Can Strong Cloud Services Momentum be Splunk’s Saving Grace?
Stock Analysis & Ideas

Can Strong Cloud Services Momentum be Splunk’s Saving Grace?

Data analysis company Splunk (NASDAQ: SPLK) is scheduled to release its 4QF22 earnings results on March 3. SPLK shares have shed 21.92% in the past year due to challenges the company faced in its accelerated cloud transformation as well as intensifying competition from strong peers.

However, the fourth quarter has typically been the strongest for the company, which is a positive. Ahead of the print, Monness Crespi Hardt analyst Brian White looked into the company’s quarterly developments and pointed out certain key takeaways from his analysis.

Significantly, Splunk’s estimated revenue guidance for the fiscal fourth quarter stands between $740-$790 million. However, White forecasts revenues of $827.4 million, which indicates 11% growth year-over-year. Moreover, White is also optimistic about Splunk reporting earnings of $0.01 per share, against the Street’s expectation of a loss of $0.19 per share.

The analyst is positive about the strength Splunk is expected to have displayed in cloud services. He expects revenues from cloud services to move up to 68% higher year-over-year.

Nonetheless, for the past few years, SPLK’s profitability has been compromised due to the pressures from the expanding cloud transformation industry. “Given Splunk’s challenges over the past few years as the company embarked on an accelerated cloud journey, and faced formidable, next-gen observability competitors, Splunk’s financial performance has been disappointing,” noted White. This may have been an overhang on the FQ4 results as well.

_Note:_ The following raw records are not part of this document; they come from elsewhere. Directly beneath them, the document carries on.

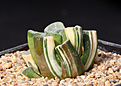 Нажмите на изображение для увеличения.

Название:	Haworthia_maughanii_variegated2.jpg
Просмотров:	201
Размер:	167.3 Кб
ID:	342109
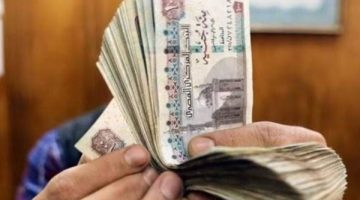 منحة العمالة غير المنتظمة 2025.. دعم مستمر للفئات الأكثر احتياجًا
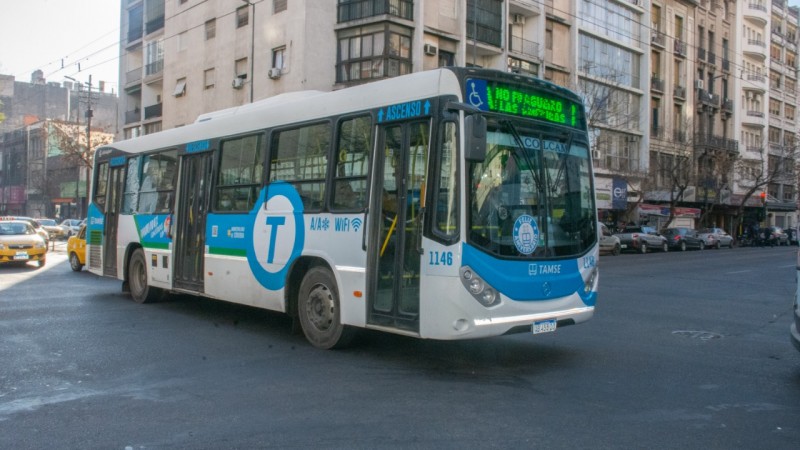 Da de las infancias: transporte gratuito para nios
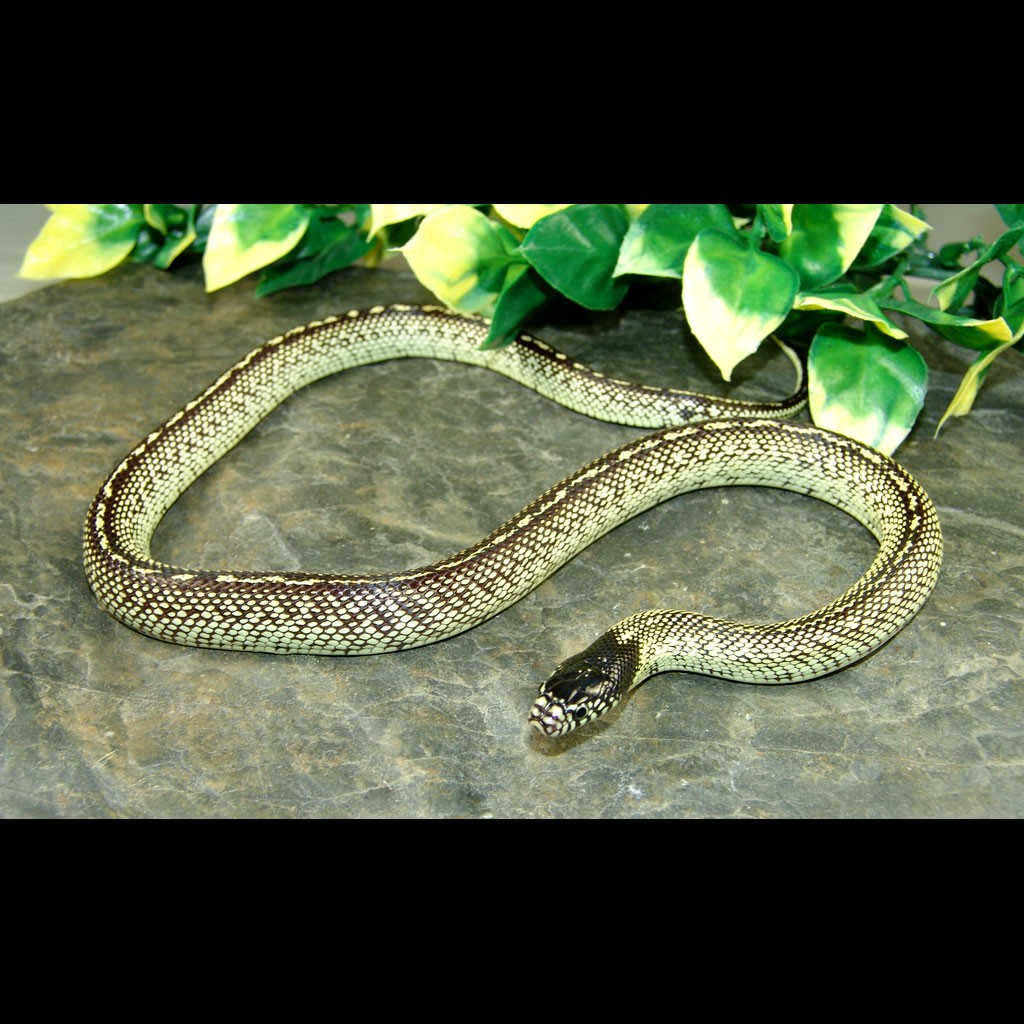 Desert Kingsnakes (Lampropeltis getula splendida)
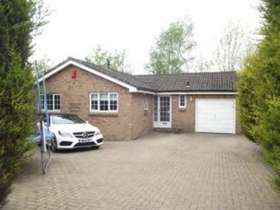 3 Bedroom Bungalow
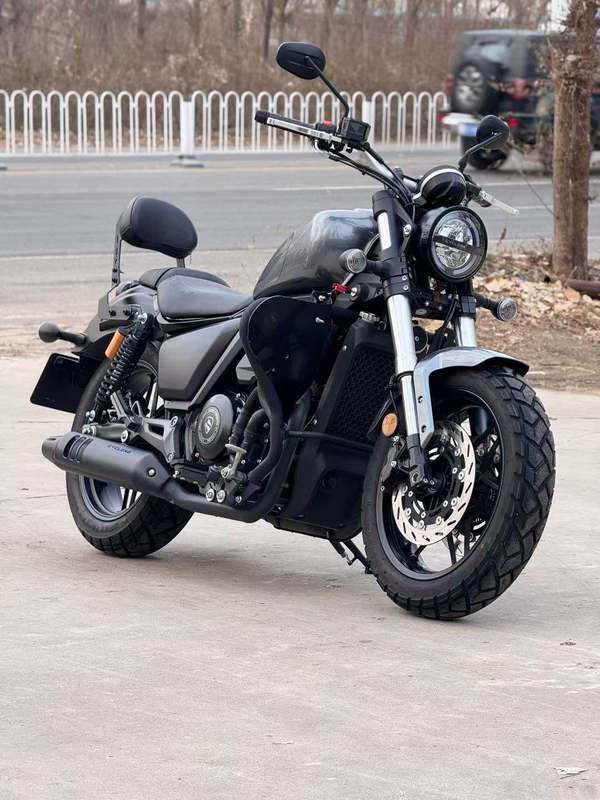 二手赛科龙RA401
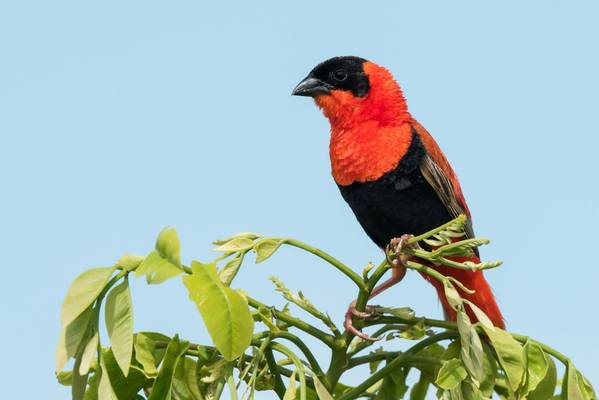 Red Bishop, Gambia shutterstock_221001646.jpg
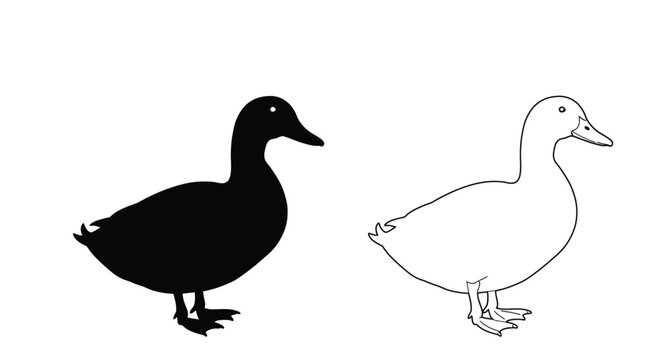 A side by side comparison of a duck in silhouette and line art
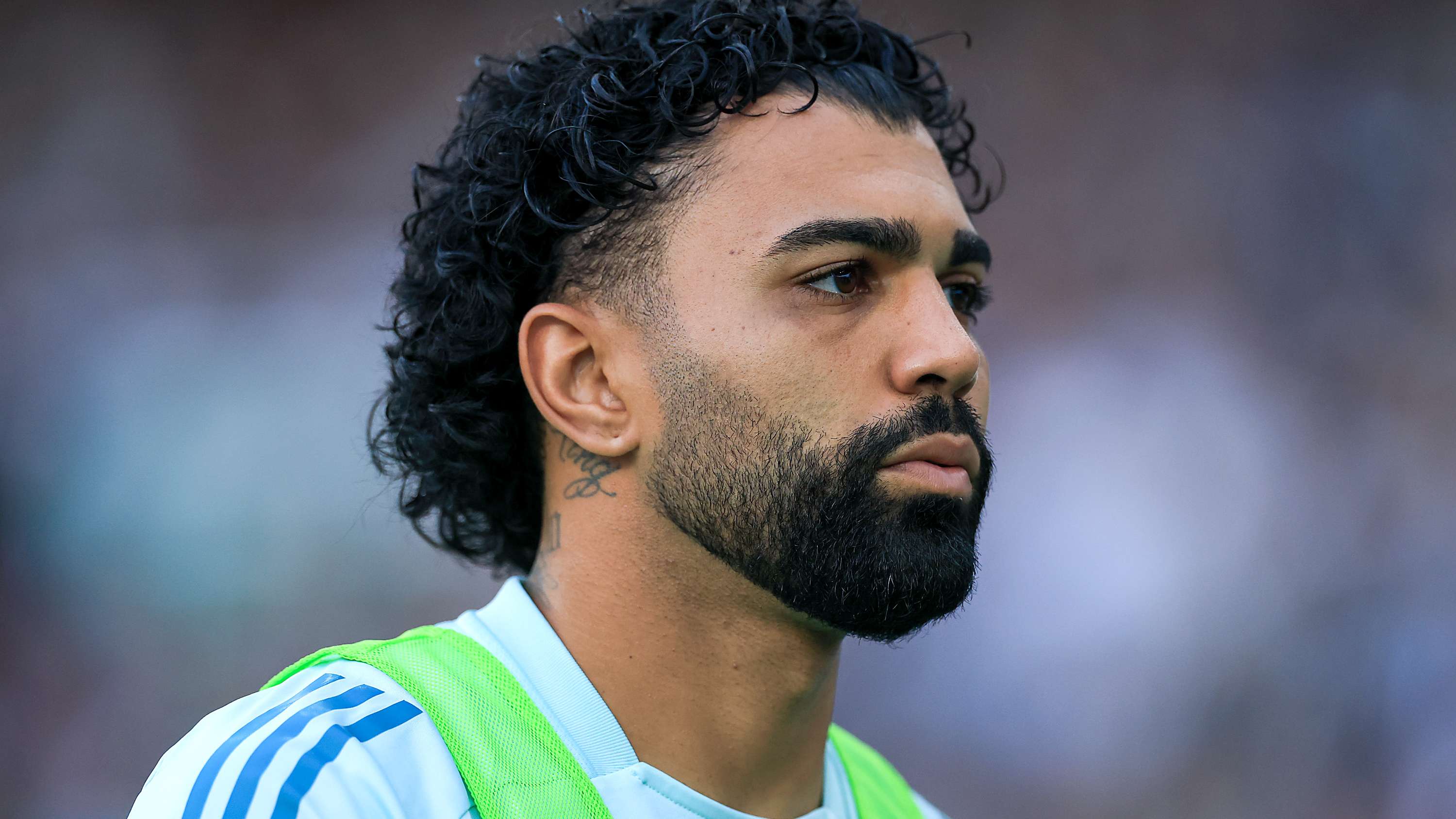 Botafogo v Cruzeiro - Brasileirao 2025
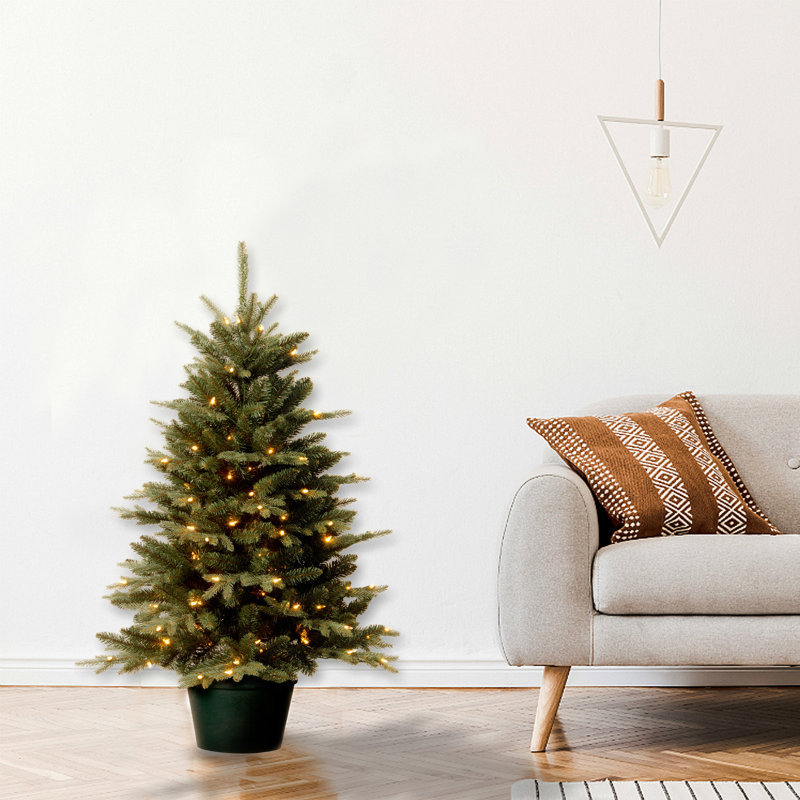 Potted 3' Pre-Lit Pine Christmas Tree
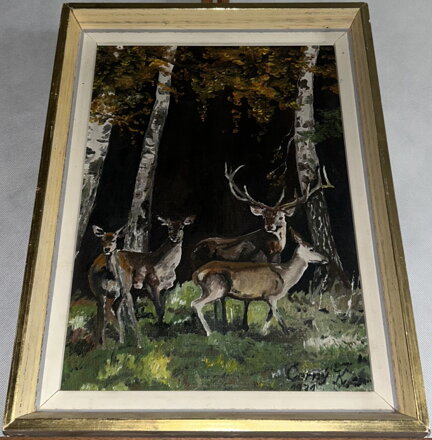 JELEN A SRNY MEZI BŘÍZAMI - ČERNÝ K.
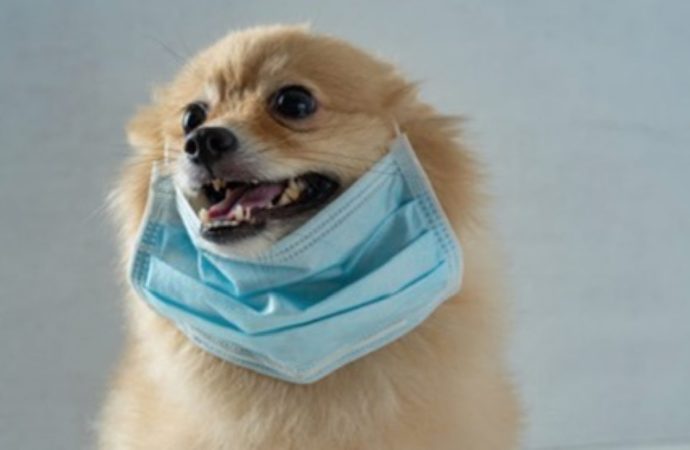 Lulu da Pomerania testa positivo para coronavírus; caso pode ser o primeiro em animais de estimação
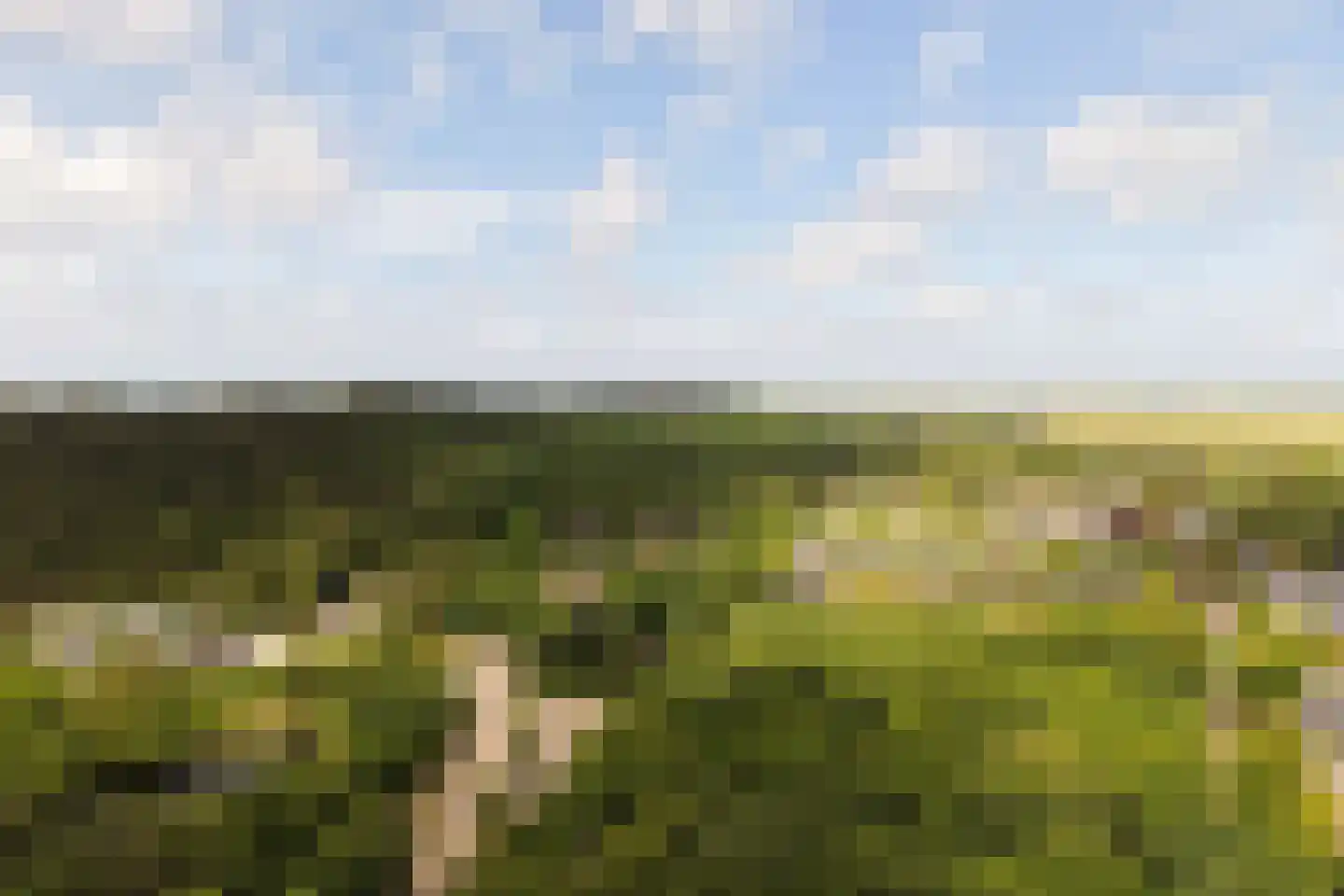 De Sanderij 114 Schoorl thumbnail 52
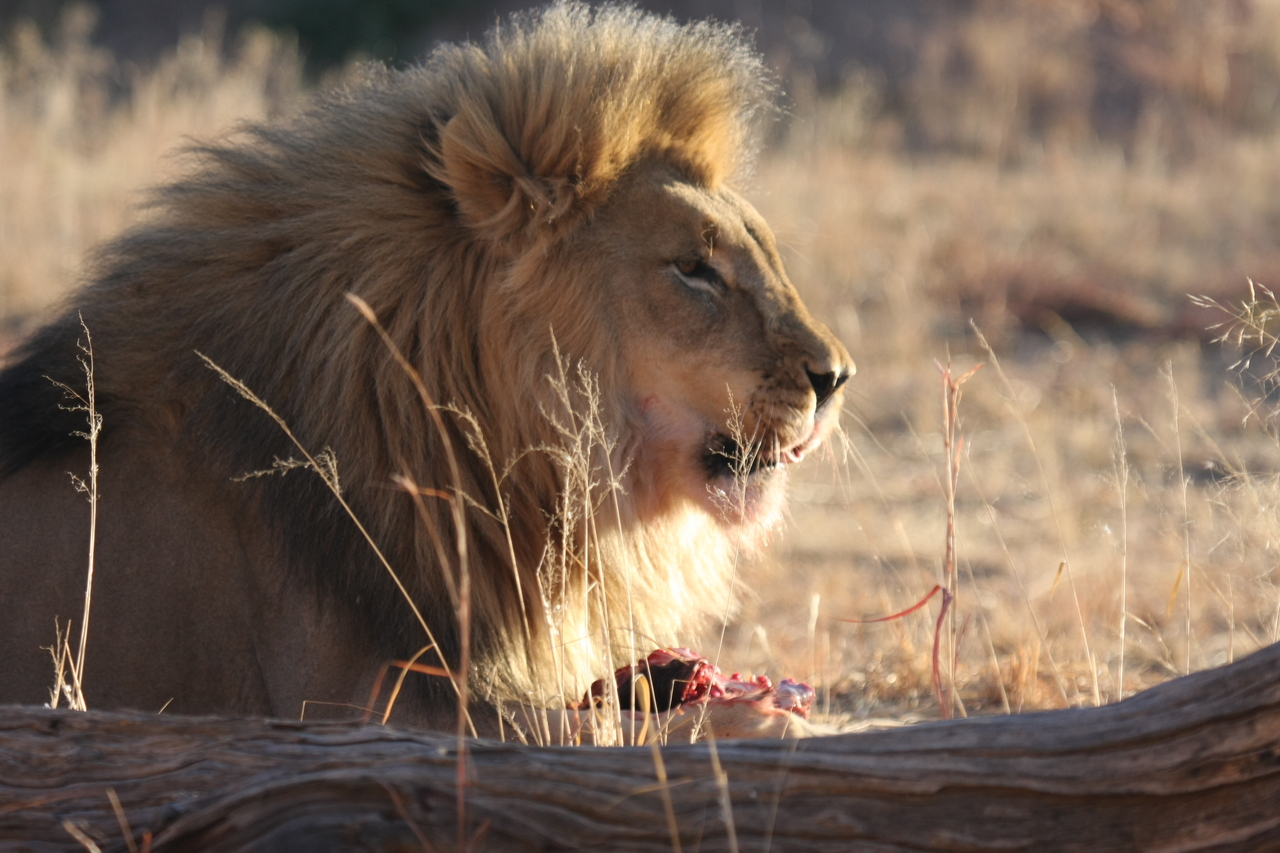 [7448] 2016_06_23_11_40_47_Africa_Canon_EOS_40D_IMG__00693.jpg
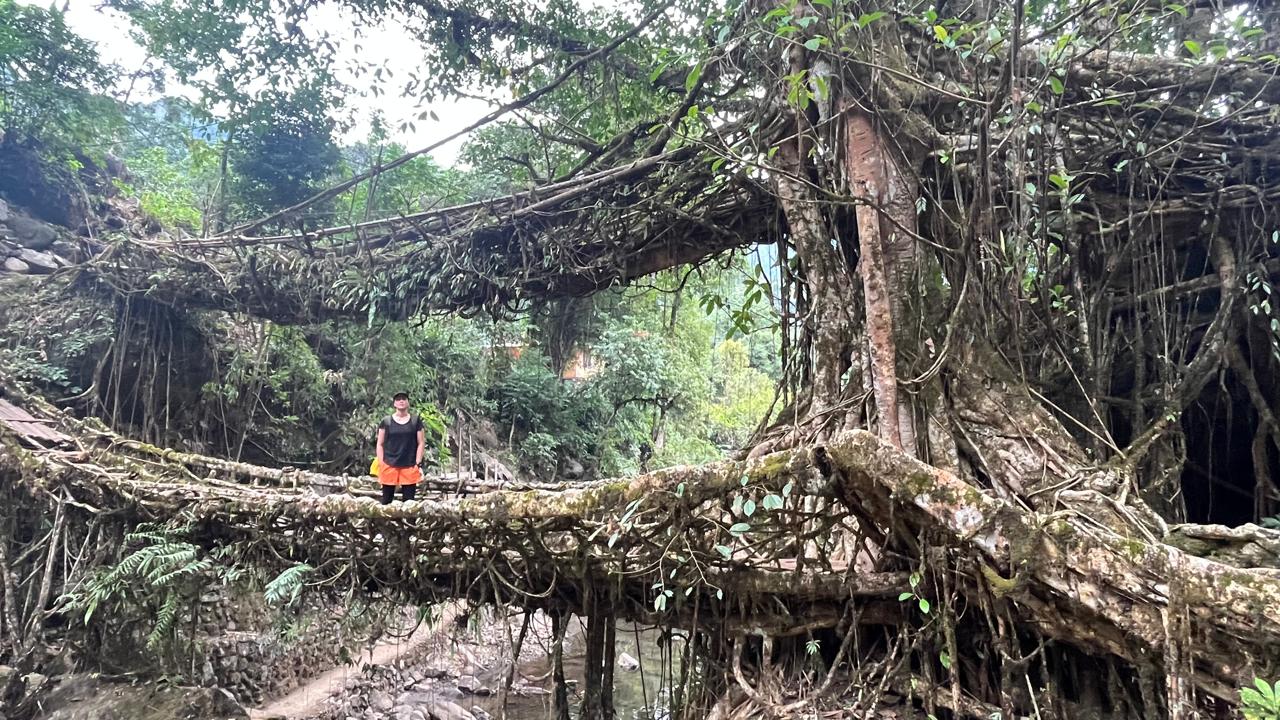 Living Root Bridge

Another impediment to the quarterly performance may have been the instability in the c-suite of Splunk. “In November, Splunk announced that its CEO at that time (Doug Merritt) was stepping down and the company’s Chair (Graham Smith) was named the Interim CEO. Splunk has yet to announce a permanent CEO,” recalled White.

Looking beyond the possible FQ4 results, the analyst said that the first quarter is seasonally the weakest for Splunk. For the first quarter of fiscal 2023 (the current quarter), White expects a 22% year-over-year increase in revenues and a significant loss of $0.68 per share.

With these observations, White reiterated a Hold rating on Splunk. The Wall Street consensus rating is a Moderate Buy, with 13 analysts rating the company a Buy and eight analysts rating it Hold. The average SPLK price target currently sits at $154.41 per share, representing a possible 12-month upside of 32.50%.